**WHAT THE EXERCISE ASKS:** Begin at the line containing "Phone Case for" in the entries below and end at the line containing "Cloud Syncing Concepts vector"; transcribe that range exactly and nothing outside it.

**SUPPLIED INFORMATION:**
- Opening Delimiter -

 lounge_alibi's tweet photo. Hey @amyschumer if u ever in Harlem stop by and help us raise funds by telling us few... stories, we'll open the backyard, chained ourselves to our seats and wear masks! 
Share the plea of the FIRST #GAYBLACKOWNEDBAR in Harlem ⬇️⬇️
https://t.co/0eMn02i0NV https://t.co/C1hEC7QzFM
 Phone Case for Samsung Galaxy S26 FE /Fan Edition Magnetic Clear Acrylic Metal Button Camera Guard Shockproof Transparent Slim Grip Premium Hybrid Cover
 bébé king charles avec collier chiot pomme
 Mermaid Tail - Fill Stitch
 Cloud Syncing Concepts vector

- Closing Delimiter -
- Opening Delimiter -

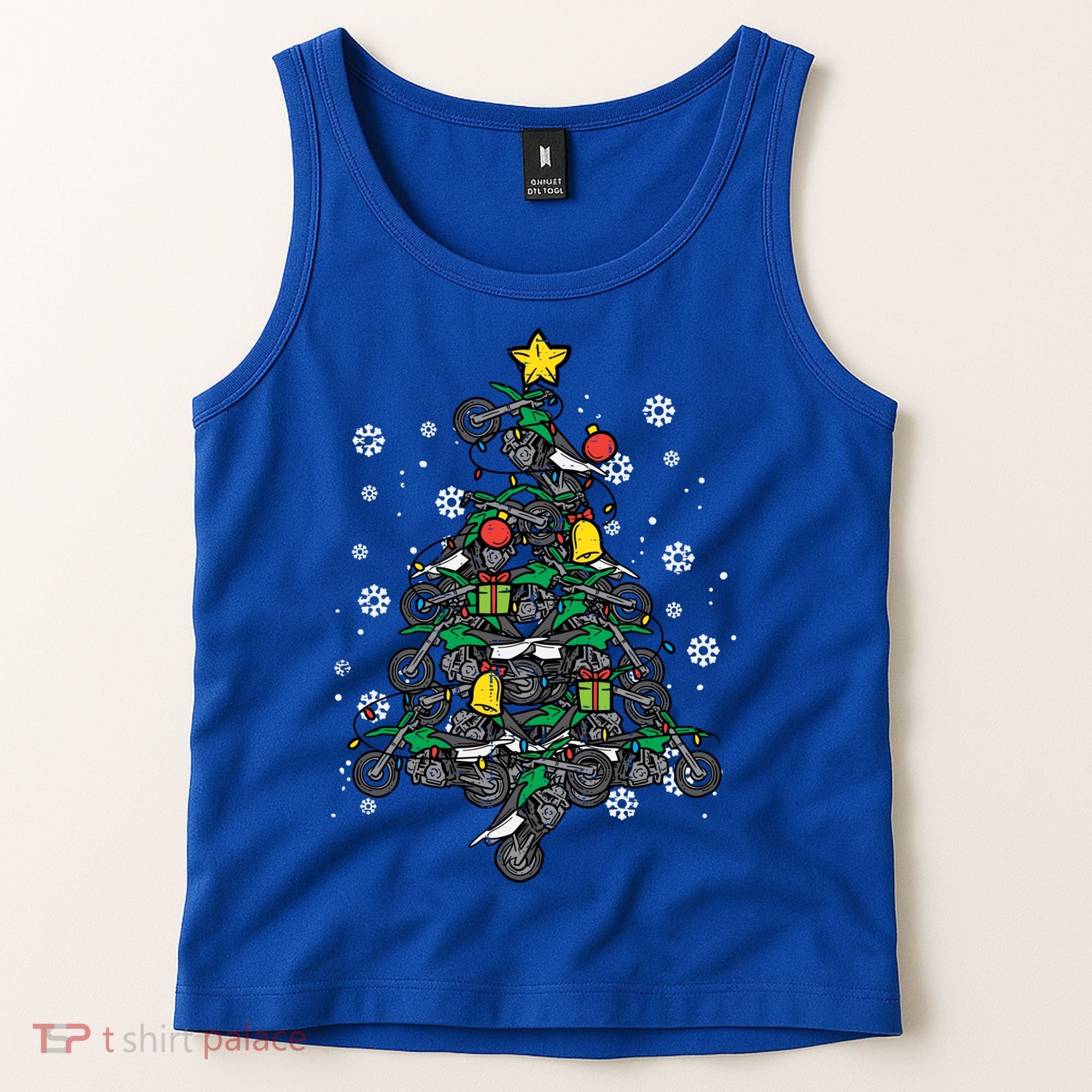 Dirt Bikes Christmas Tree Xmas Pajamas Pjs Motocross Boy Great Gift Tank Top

- Closing Delimiter -
- Opening Delimiter -

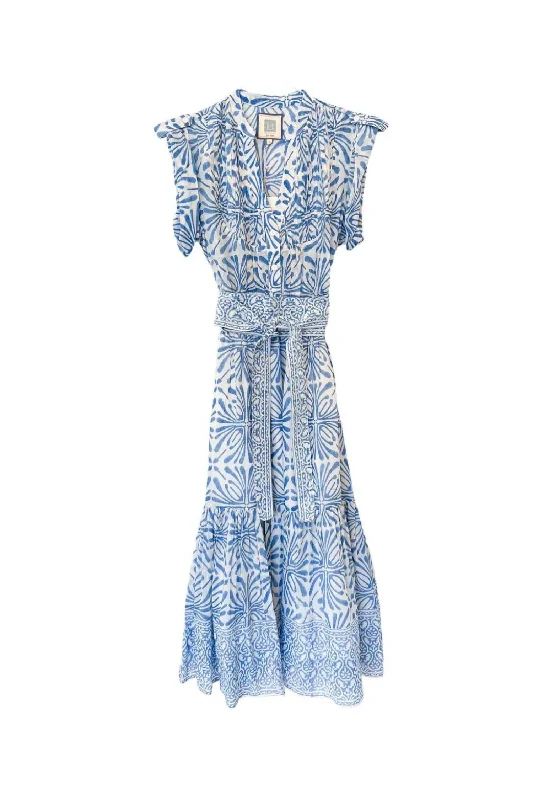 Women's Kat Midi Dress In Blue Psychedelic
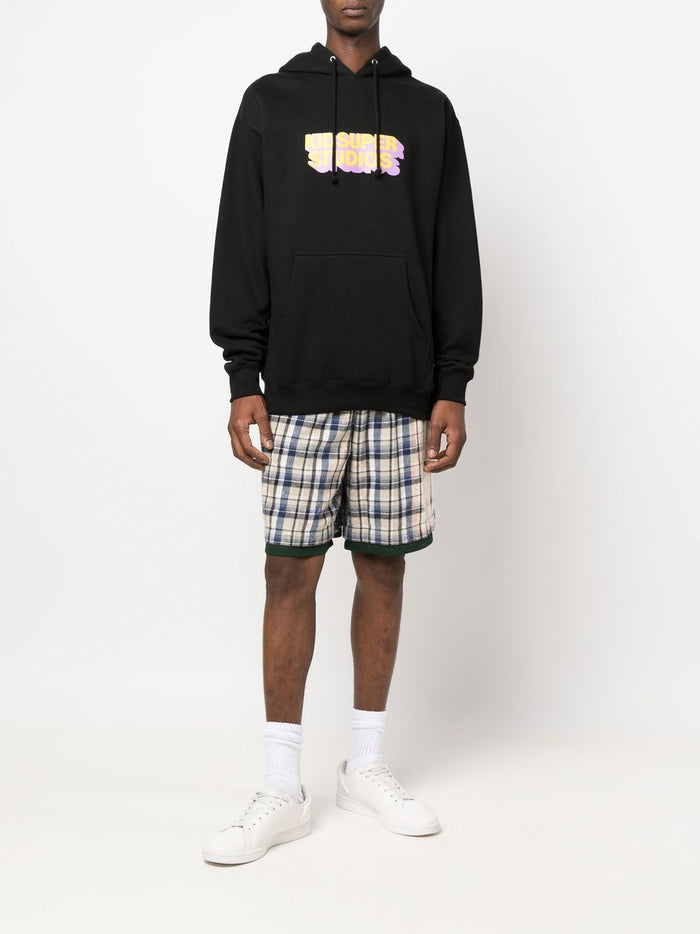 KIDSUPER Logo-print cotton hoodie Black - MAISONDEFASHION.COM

- Closing Delimiter -

**REPLY TO THE TASK:**
 Phone Case for Samsung Galaxy S26 FE /Fan Edition Magnetic Clear Acrylic Metal Button Camera Guard Shockproof Transparent Slim Grip Premium Hybrid Cover
 bébé king charles avec collier chiot pomme
 Mermaid Tail - Fill Stitch
 Cloud Syncing Concepts vector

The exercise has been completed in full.